Tablet pogrążył Kajetana P. - FBI wspierało polską policję w poszukiwaniach
Poszukiwanego za zabójstwo Kajetana P., który został zatrzymany na Malcie, zdradził m.in. tablet. Gdzie Kajetan P. kupił sprzęt, nie wiadomo. Jednak poszukujący go policjanci nie pomylili się przewidując, że prędzej czy później 27-latek uruchomi sprzęt, a ten wskaże lokalizację. Polskim śledczym pomagali także oficerowie łącznikowi z FBI, co polsatnews.pl potwierdziła szefowa polskiego biura FBI.
Po morderstwie, do którego doszło 3 lutego w Warszawie, Kajetan P. dostał się do Poznania. Stamtąd wyruszył w podróż do Berlina. Potem do Włoch, gdzie miał przebywać m.in. w okolicach Rzymu i Bolonii.
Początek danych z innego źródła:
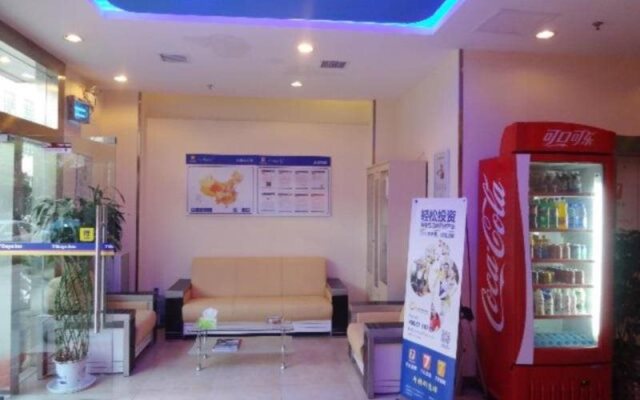 7Days Inn Xingyi Pingdong Avenue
Stamtąd udał się na Sycylię, by ostatecznie promem dotrzeć na Maltę.
"Rzeczpospolita" podaje, że choć "poszukiwacze nie mówią oficjalnie, jak trafili na trop uciekiniera", to z informacji zdobytych przez dziennikarzy gazety wynika, że "kluczowe okazały się dwa elementy: nagrania z monitoringu oraz zakup tabletu". Fakt, że Kajetan P. kupił taki sprzęt, miała zarejestrować jedna z kamer. "Połączenie się z internetem - według naszych rozmówców - pogrążyło uciekiniera, wskazując jego lokalizację. Kiedy dokładnie włączył sprzęt - nie wiadomo" - informuje "Rzeczpospolita".
Dziennik przypomina, że tuż po zabójstwie mężczyzna wziął kredyt. Pieniądze te mógł przeznaczyć właśnie na zakup tabletu i na podróż. Jak do tej pory ustalili policjanci, Kajetan P. chciał dotrzeć do Tunezji.
Pomoc FBI
W poszukiwania Polaka zaangażowana była policja niemiecka i włoska - donosi "Rzeczpospolita". Polskim śledczym pomagali także oficerowie łącznikowi z FBI. Informację tę, dla polsatnews.pl, potwierdziła Monika Wasiewicz, szefowa polskiego biura FBI. - Wspieraliśmy policję. Ale nie mogę mówić o detalach - poinformowała. Dodała, że po stronie FBI zaangażowane były dwie osoby, które działały i na terenie Polski i poza granicami.
W czwartek Kajetan P. został doprowadzony do sądu w Valletcie. Według reportera Polsat News Tomasza Lejmana poszukiwany 27-latek zgodził się na ekstradycję, a strona maltańska będzie chciała przekazać go Polsce nawet w ciągu kilkudziesięciu godzin. Ponadto sąd skazał go za posiadanie noża oraz składanie fałszywych zeznań.
Kajetan P. od momentu zatrzymania przebywał w areszcie pod Vallettą na Malcie. Według funkcjonariuszy z Malty jest bardzo spokojny.